In my opinion, the relativity principle is a heuristic principle that points towards the invariance of physical laws, but the invariance of laws doesn't imply the physical relativity principle, and they should be distinguished. This is probably the reason the phrase "general principle of relativity", started by Einstein himself, has gone out of favour nowadays. 
 In the above example, the air acts like ether. The ether defined an absolute frame and the inability to detect anisotropies in the speed of light led to its rejection as Einstein said in this SR paper: Examples of this sort, together with the unsuccessful attempts to discover any motion of the Earth relative to the “light medium”, suggest that the phenomena of electrodynamics as well as of mechanics possess no properties corresponding to the idea of "absolute rest."

Answer 1

I think that the "relativity principle" and the "invariance principle" are, and always were, actually one and the same.

The reason that I think they look different to you, is a subtle error in the way you phrase the relativity principle:

“There are no experiments one can do to distinguish uniform motion from rest.”

This is almost right. The more correct way to phrase it however would be:

There are no local experiments one can do to distinguish uniform motion from rest.

Why is that important? Well, if we go back to Galileo's ship, notice that Galileo was very careful to not allow any of the experiments to involve the relative motion of the outside sea water. Now if you want to take a hypothetical cosmic rest frame, you can even use a non-hypothetical one, namely the CMB rest frame (also see this and this relevant Phys.SE posts).

But what would it mean that we can detect motion relative to this CMB rest frame? Nothing fundamental at all. The laws of physics are still the same regardless of the frame where we measure the CMB, and in fact we would understand the anisotropies of the CMB in terms of the same universal laws of physics. So it's no more fundamental to move relative to the CMB which is (probably) spread all throughout the Cosmos, than it is to move relative to Paris; naturally, if your experiment involves measuring the distance to the Eiffel tower, you're going to get different results depending on your frame. Does that mean the laws of physics are different between frames? No, because no physical law says anything about the distance to the Eiffel tower being invariant, hence nothing special or exciting is happening here.

So I contend that Galileo did phrase his relativity principle with all physical laws in mind, not just the case of motion/kinematics as you suggest. He may not have put it that way, but concretely speaking, note that the experiments he tells you to carry out in your inertial ship are not only about kinematics. They are also related to forces, like gravity in the case of the falling drops, etc.

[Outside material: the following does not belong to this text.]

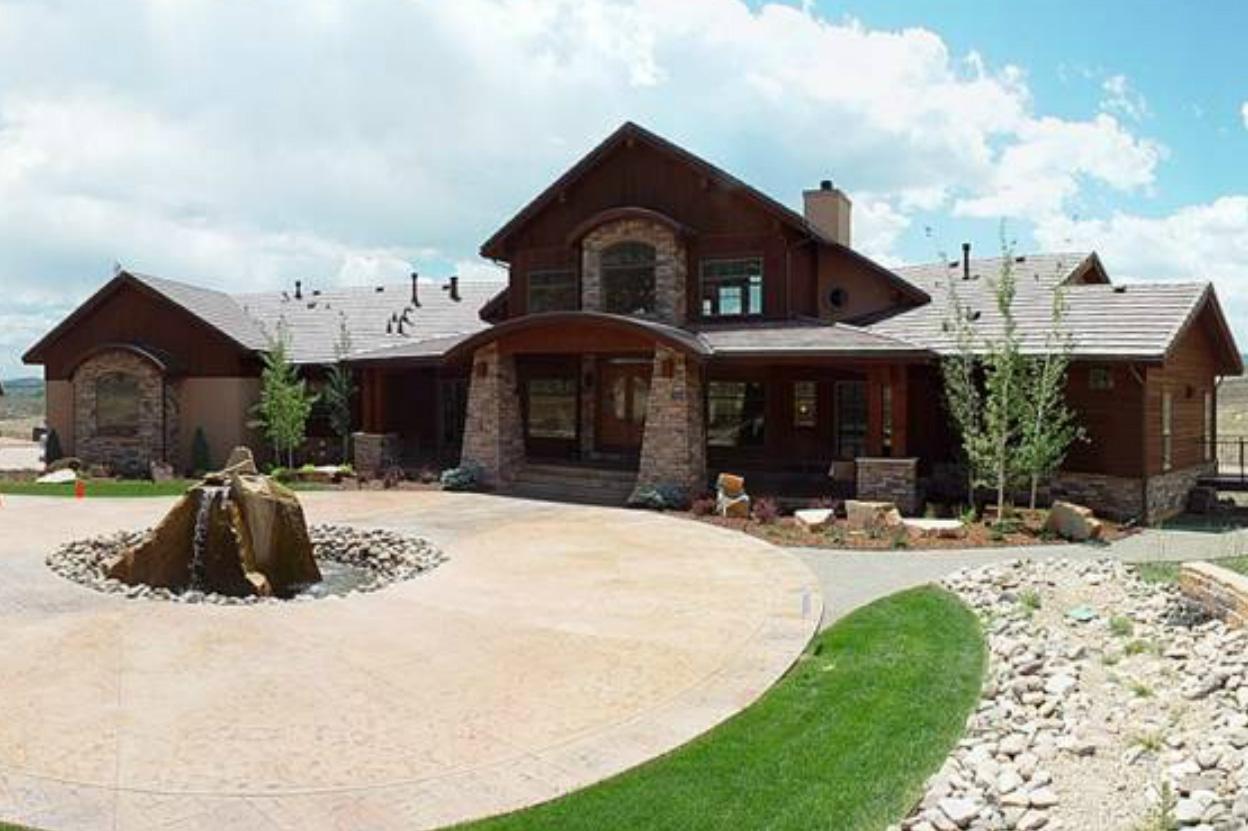 Plan 9500RW: Luxurious Craftsman Detailing - Image #20 - Craftsman, Mountain, Rustic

Galileo is essentially telling us that we can take a finite "piece" of the world, in the form of the ship, sail it with uniform velocity through the rest of the universe, and there will be no way to detect that via experiments done within the ship, with "curtains closed".

Now Einstein came along and applied this same principle in one important way: in postulating that the speed of light is a universal constant, hence promoting this specific measurement of speed to the level of a physical law. So as long as we are discussing only SR, but not GR yet, I disagree that Einstein's principle is different than Galileo's; it was only the application of that principle to the speed of light which was new.

I do agree that Einstein's further extending this idea to all frames is something more. But for one and one reason only, that it also encompasses non-inertial frames. Whether we call this generalization a "general relativity principle" or a "general covariance principle" is just a matter of words; perhaps "relativity" is more likely to make one think of inertial motion, so it may be better to use general covariance/invariance. But again, I think both the relativity and the general covariance principles were always meant to refer to the invariance of physical laws in general, whether we limit ourselves to inertial frames where the laws take a simpler form, or whether we take the more general case where all frames are under consideration.